YOUR TASK |
Write out exactly the lines below starting at the one containing "Now let's start" and ending at the one containing "Best Bites Forever.". Omit every picture.

****************************************

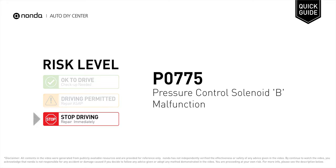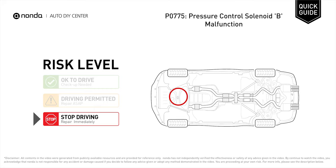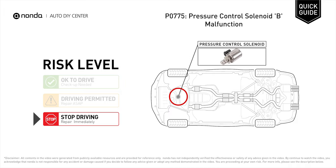P0775 is a diagnostic trouble code for pressure control solenoid B malfunction. Under this circumstance, stop driving and repair your vehicle immediately. It indicates that there is an abnormal reading from the pressure control solenoid detected.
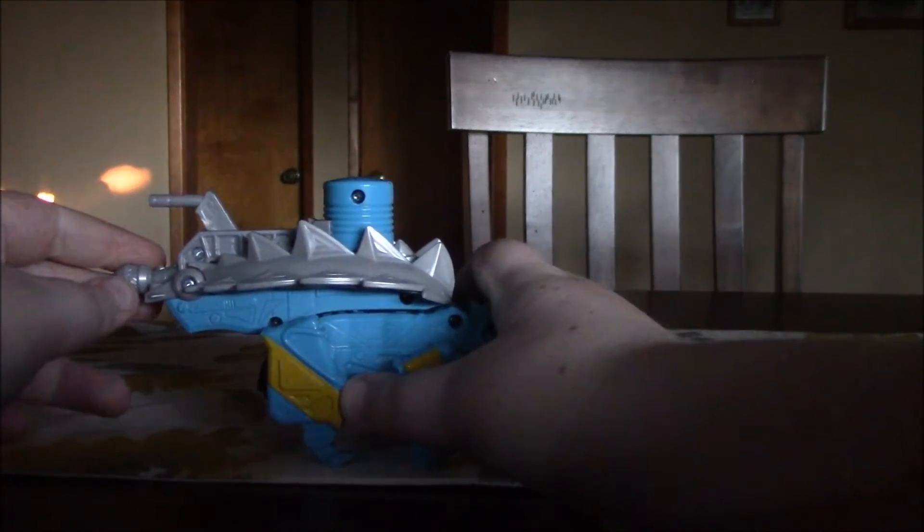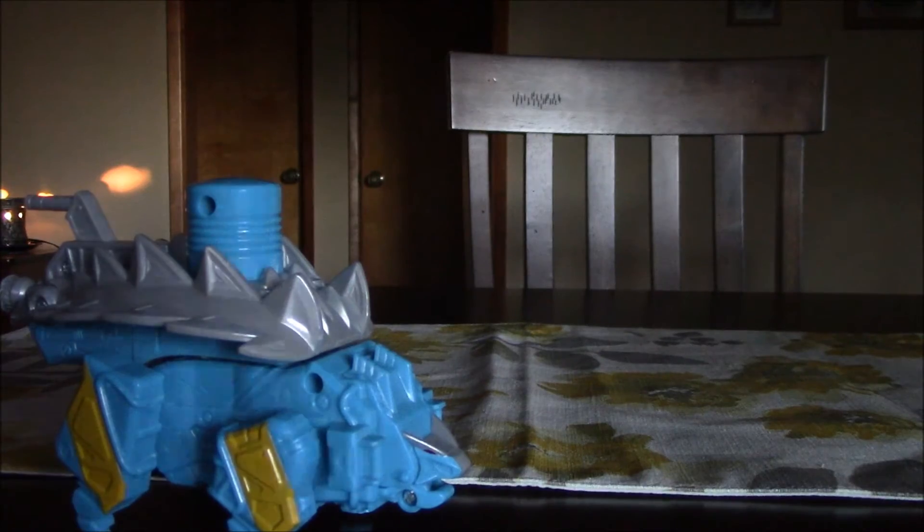Next we'll show you the Ankylozord. I think it's the second best overall. These extra Zords are much better because they're easier to handle. It doesn't really look a whole lot like an Ankylosaurus at first — but there's his tail, and now it looks like one. It could also pass off as a Scutosaurus. According to the instructions, you're supposed to keep the tail in unless you put the charger in.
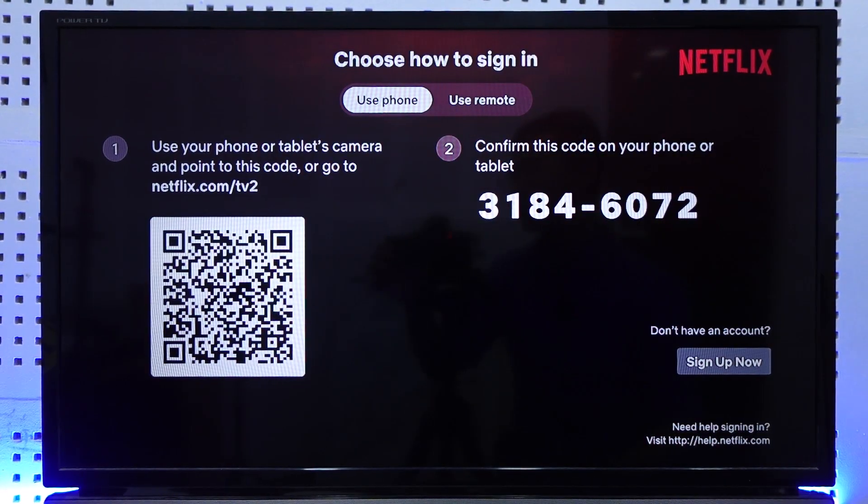After confirming, your TV will successfully load and connect to your Netflix account. Your Netflix is now connected to the TV and ready to use.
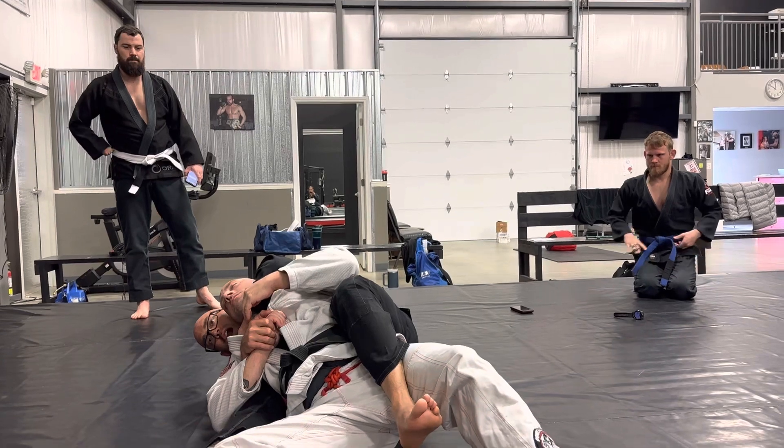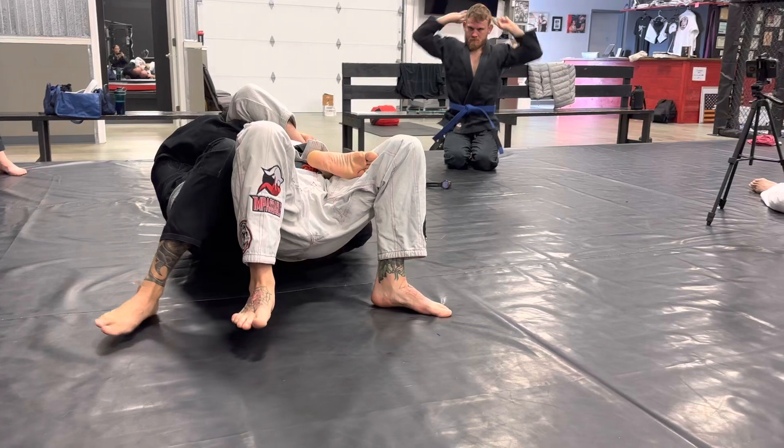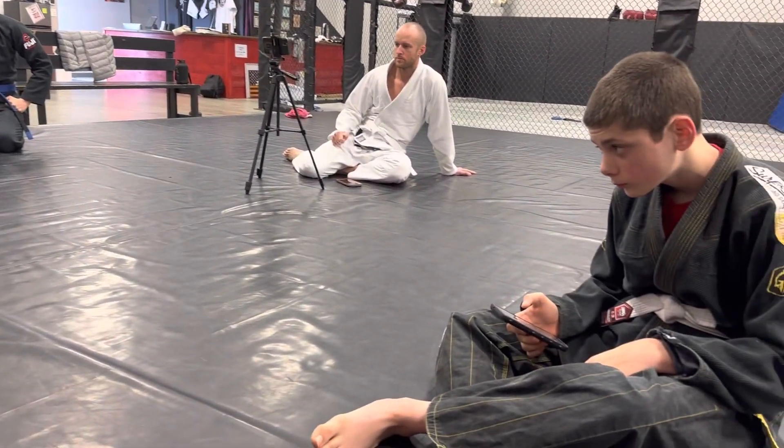Okay. I can finish him here, but the problem is he can also escape. So I use my foot and I come back. Now, as I'm back, I just hide my left elbow.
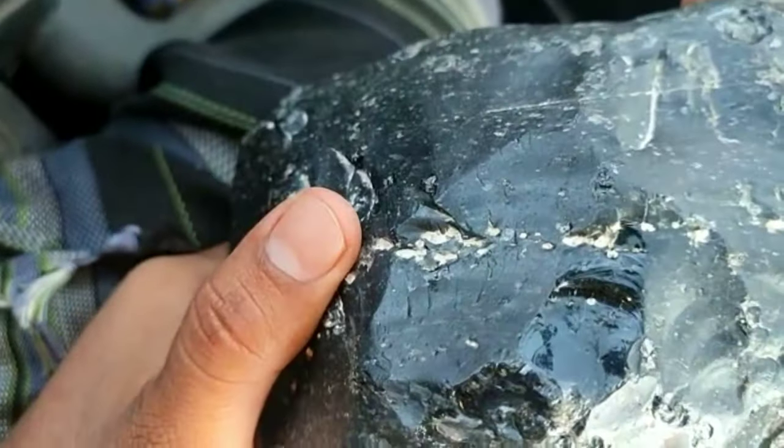2. Check the weight. Black diamonds are denser than other diamonds and often weigh more for their size.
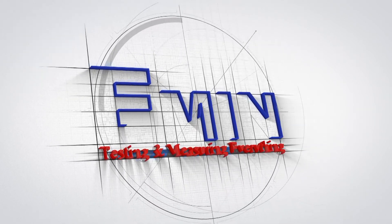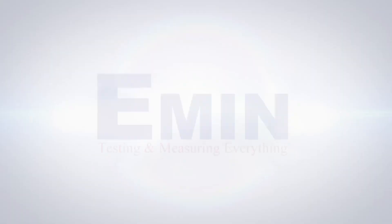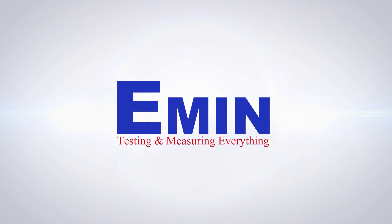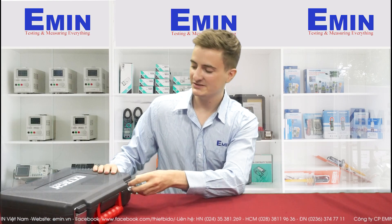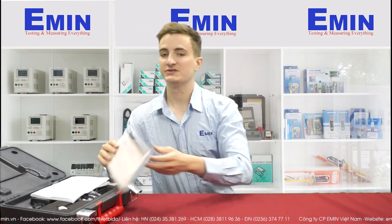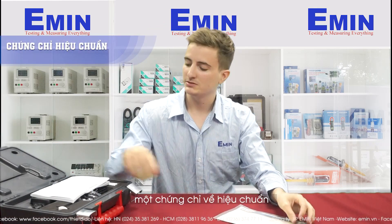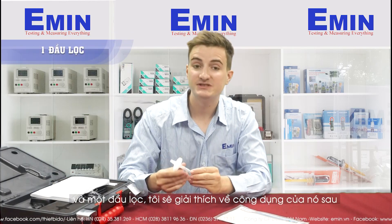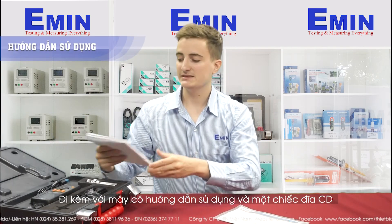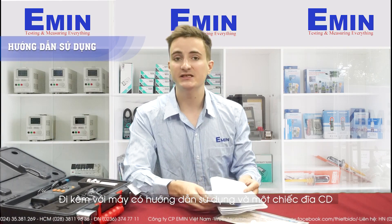Now let's start with the unboxing. It is delivered with a certificate of calibration. And very importantly, the zero count filter — I will explain later how it works. It also has the user guide with a CD.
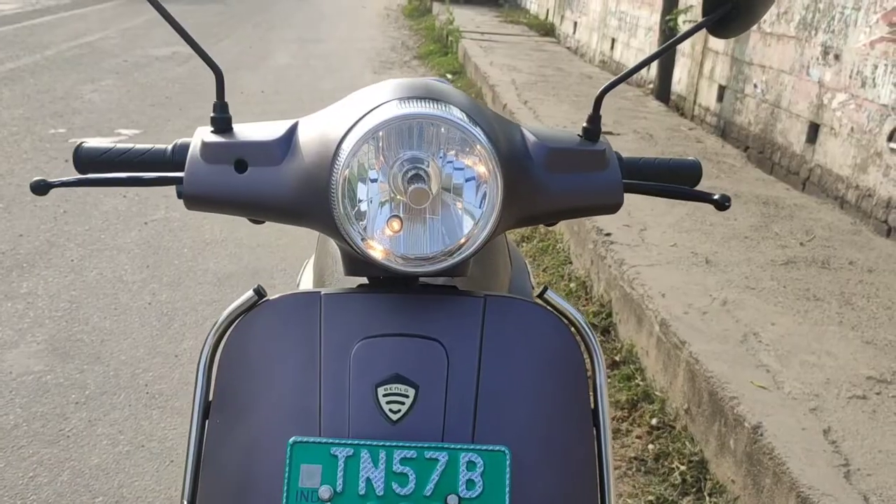Hey guys, welcome back to our channel. We are at a super fun location today. Benling has an electric scooter in the around 1 lakh price segment. This scooter is assembled in Haryana. We are visiting a showroom in Chennai — there is an outlet in Vela Cherry, Maduro Isle.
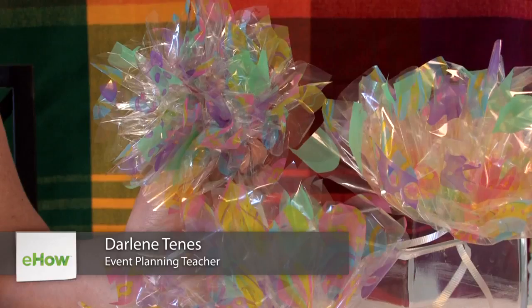Hi, I'm Darlene Tennis from Casa Q, and today we're going to learn how to make a flower out of cellophane wrap.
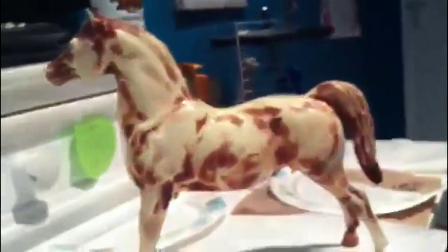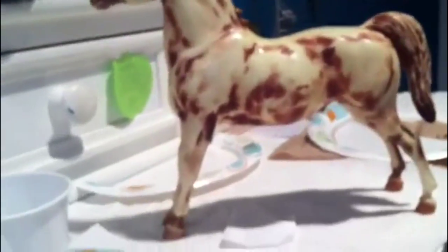My friend is going to do hers like her old horse. His name is Jack. Okay, this guy, he goes like this.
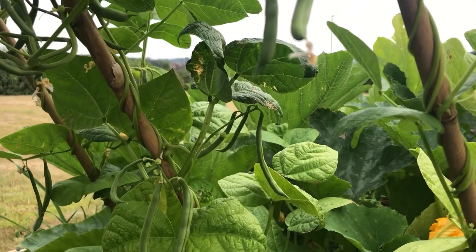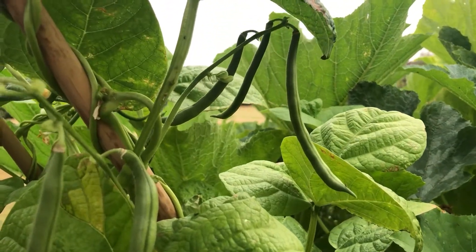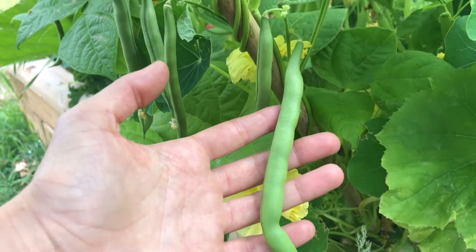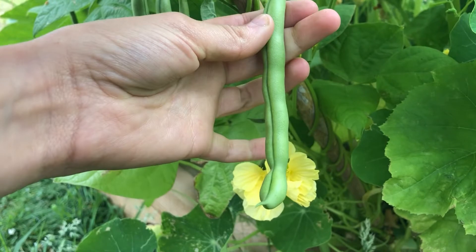Pick them off the plant regularly to encourage the plant to produce more beans. You can either snip them off with scissors or pull them off with your hand. They will be ready for harvesting around eight weeks after planting. You can freeze the beans to store them for longer.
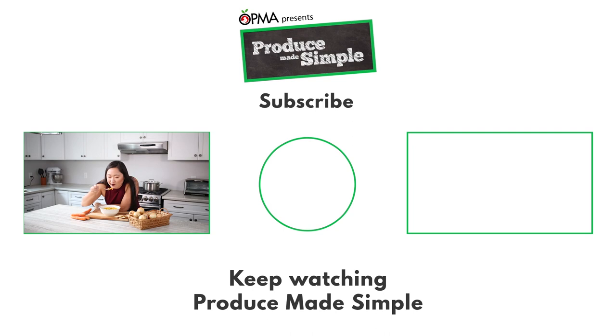Oh yeah, that's the stuff! Should I break crackers into it? Sure — perfect for sweater weather.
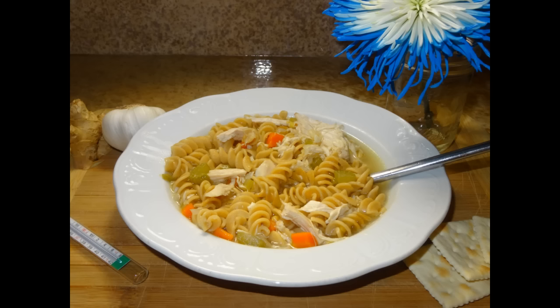Best Bites Forever. Hi everyone, I'm Chef Alicia from BestBitesForever.com and today I'm making Get Well Soup.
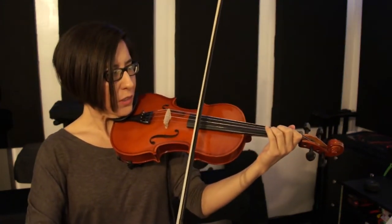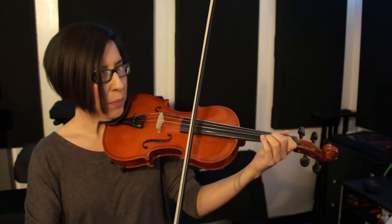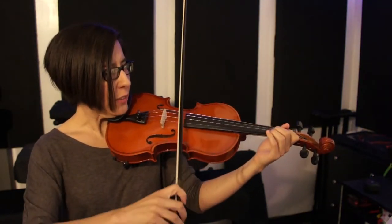Now you're going to do two quarter notes, so it's buh-buh, buh-buh, buh-buh. So here we go. [Plays two-quarter-note variation.]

****************************************

SOLUTION TO THIS EXERCISE |
Now let's start with the unboxing. It is delivered with a certificate of calibration. And very importantly, the zero count filter — I will explain later how it works. It also has the user guide with a CD.
Hey guys, welcome back to our channel. We are at a super fun location today. Benling has an electric scooter in the around 1 lakh price segment. This scooter is assembled in Haryana. We are visiting a showroom in Chennai — there is an outlet in Vela Cherry, Maduro Isle.
Hi, I'm Darlene Tennis from Casa Q, and today we're going to learn how to make a flower out of cellophane wrap.
My friend is going to do hers like her old horse. His name is Jack. Okay, this guy, he goes like this.
Pick them off the plant regularly to encourage the plant to produce more beans. You can either snip them off with scissors or pull them off with your hand. They will be ready for harvesting around eight weeks after planting. You can freeze the beans to store them for longer.
Oh yeah, that's the stuff! Should I break crackers into it? Sure — perfect for sweater weather.
Best Bites Forever. Hi everyone, I'm Chef Alicia from BestBitesForever.com and today I'm making Get Well Soup.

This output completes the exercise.